Qui peut prétendre aujourd’hui que les connaissances acquises à un moment de la vie seront suffisantes pour le reste du parcours ? Qui peut prétendre qu’il n’aura pas besoin d’apprendre ou de réapprendre au cours de son existence pour pouvoir garder sa place au sein de la société ? Qui peut prétendre que le savoir possédé ne deviendra pas un jour obsolète et sans utilité ? Qui peut prétendre que ses connaissances seront suffisantes pour le restant de sa vie professionnelle ? Qui peut croire qu’il n’aura pas à changer de métier au cours de sa vie ?
Personne, bien sûr. Le « progrès » est une caractéristique de la société des hommes. J’entends par progrès cette curiosité insatiable de l’homme à chercher à comprendre le monde et les lois de la nature. Cette quête permanente a des répercussions sur la vie des hommes. Et c’est peut-être là que le mot « progrès » n’est pas adapté, en tout cas pas pour tous. Car les répercussions dont je parle ne sont pas positives pour tout le monde, c’est une évidence.

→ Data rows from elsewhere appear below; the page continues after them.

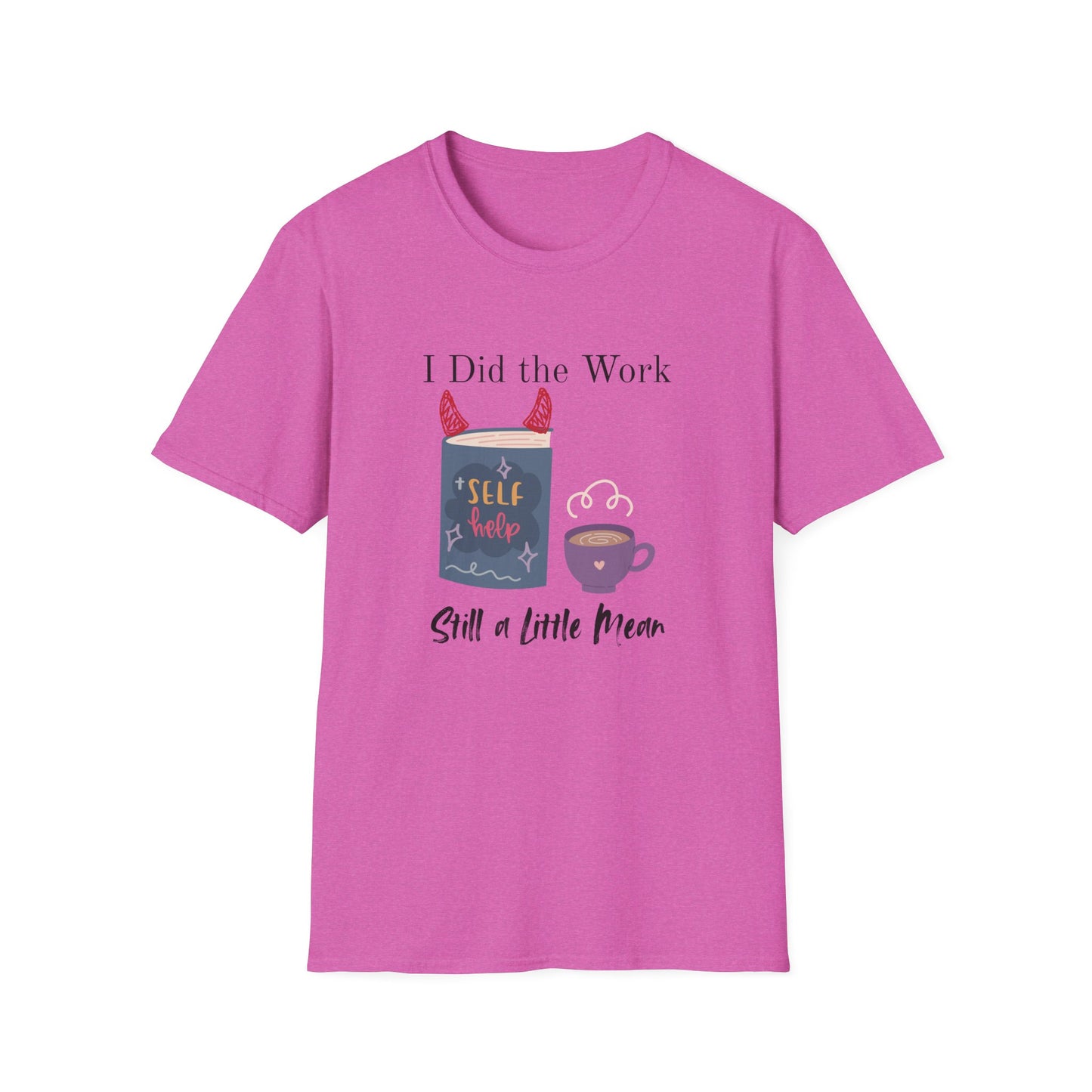 Did the Work, Still a Little Mean T-Shirt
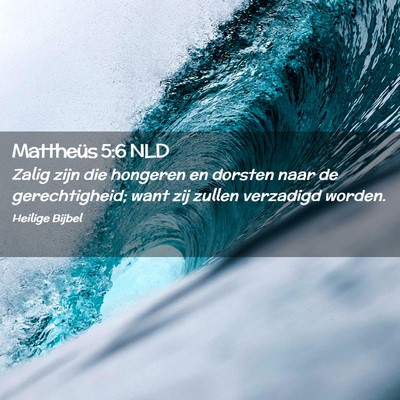 Picture 02 - Mattheüs 5:6 NLD - Zalig zijn die hongeren en dorsten naar de - Bible Verse Picture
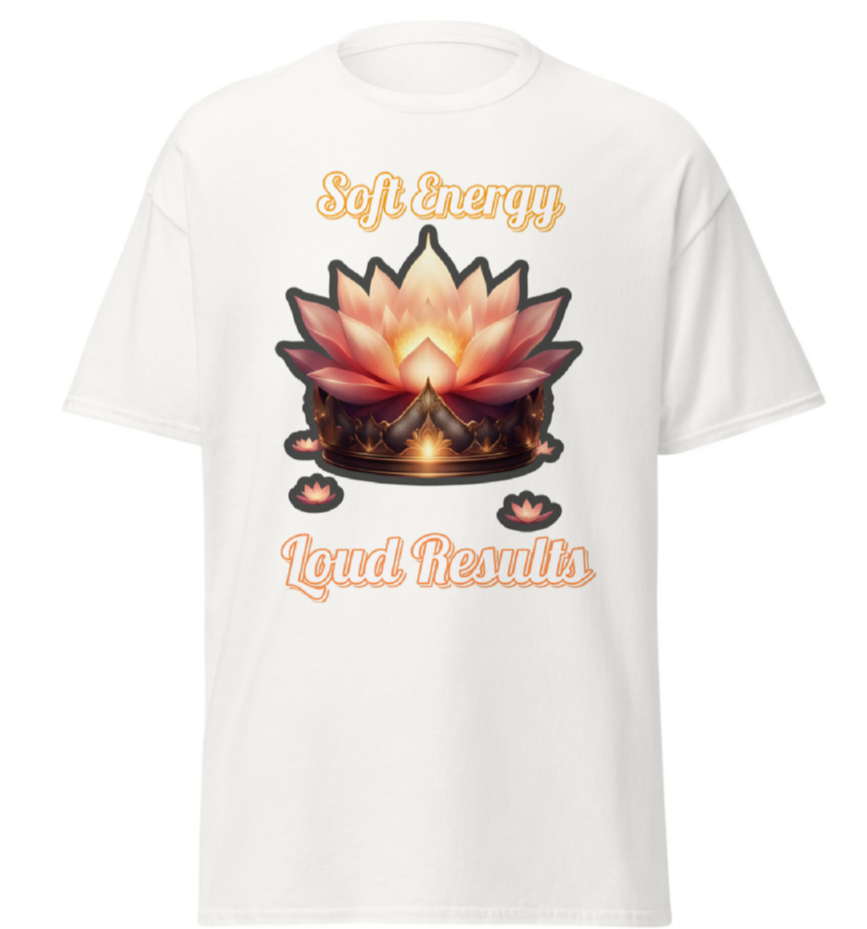 Soft Energy, Loud Results – Women’s Empowerment Tee (Front & Back)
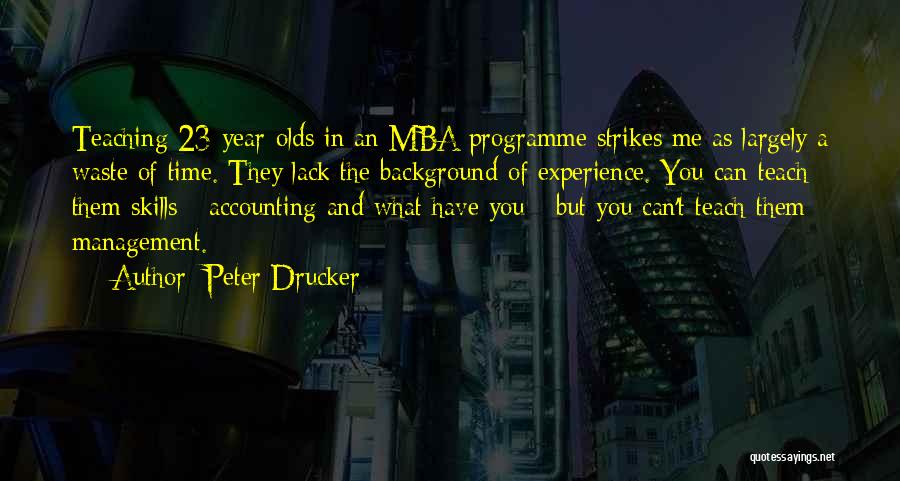 Lack Of Experience Quotes By Peter Drucker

Mais, dans une société qui se donne des règles humanistes, il appartient à la politique de gérer ces répercussions pour que l’équité (et non l’égalité) soit sauvegardée. Et l’équité impose, condition nécessaire mais non suffisante, que les hommes soient toujours en possession des connaissances indispensables pour pouvoir jouer le jeu de la vie dans des conditions acceptables. L’organisation de la société doit prendre en compte cette nécessité.
L’homme qui travaille est soit salarié soit indépendant. L’employeur devrait être pleinement responsable de la mise à niveau permanente des connaissances de ses salariés. L’objectif de cette mise à niveau est de préserver l’employabilité du salarié, c’est-à-dire de mettre en adéquation les compétences avec les exigences du monde du travail. Deux grands types de mise à niveau se distinguent : les compétences nécessaires à l’employeur qui voit son métier évoluer dans un environnement changeant, les compétences souhaitées par le salarié qui devra changer d’employeur, donc de métier. Le premier type de mise à niveau est de la responsabilité pleine et entière de l’employeur qui doit la concevoir, l’organiser, la mettre en œuvre, la maintenir. L’employeur doit fixer des objectifs de formation qui se déclinent à tous les niveaux hiérarchiques afin de motiver tous les managers à la formation de leurs collaborateurs. Il n’est alors plus nécessaire de séparer (ce qui se fait encore partout) le temps passé par le salarié en formation du temps opérationnel ; il suffit de s’assurer que les objectifs sont atteints dans les deux domaines. Un objectif de formation non atteint devrait entraîner, non seulement une pénalité pour le salarié, mais également une sanction pour le manager.
L’égoïsme naturel de toute organisation humaine fait que le second type de mise à niveau ne peut relever de la responsabilité unique de l’employeur. Il faut donc : 1°) qu’il soit organisé par les pouvoirs publics. 2°) qu’une partie du temps du salarié puisse être consacré au suivi de cette mise à niveau. C’est le seul temps de formation qui doit relever d’une contrainte réglementaire. La responsabilité du salarié est de savoir choisir la formation qui lui convient (à condition qu’il soit informé). La responsabilité des Pouvoirs Publics est de veiller à ce qu’il existe des propositions de formation crédibles et sérieuses tant dans leur contenu que dans les moyens mis en œuvre.
Le travailleur indépendant doit prendre en charge lui-même ces deux types de mise à niveau. Il doit constamment maintenir ses connaissances métier au meilleur niveau possible. Il doit aussi se préparer à un changement d’orientation de ses activités lorsque le marché sur lequel il se situe l’impose. Il doit donc organiser sa propre veille technologique et marketing pour pouvoir trouver une réponse aux deux questions suivantes :
- quelles seront les connaissances dont j’aurai besoin pour suivre les évolutions de mon métier ?
- l’évolution de mon marché imposera-t-elle un changement de métier et lequel ?
Pour lui également, il est vital de trouver des formations efficaces répondant à ses besoins. L’évaluation de la qualité et de l’efficacité de ces formations doit relever des Pouvoirs Publics. Il est de leur reponsabilité d’empêcher que les utilisateurs de ces formations perdent leur temps et leur argent au profit d’organismes peu scrupuleux.
Quoi qu’il en soit, les temps sont finis où l’on pouvait espérer passer toute sa vie dans le même emploi, sans remise en question de ses savoirs. Et il ne sert à rien de le nier.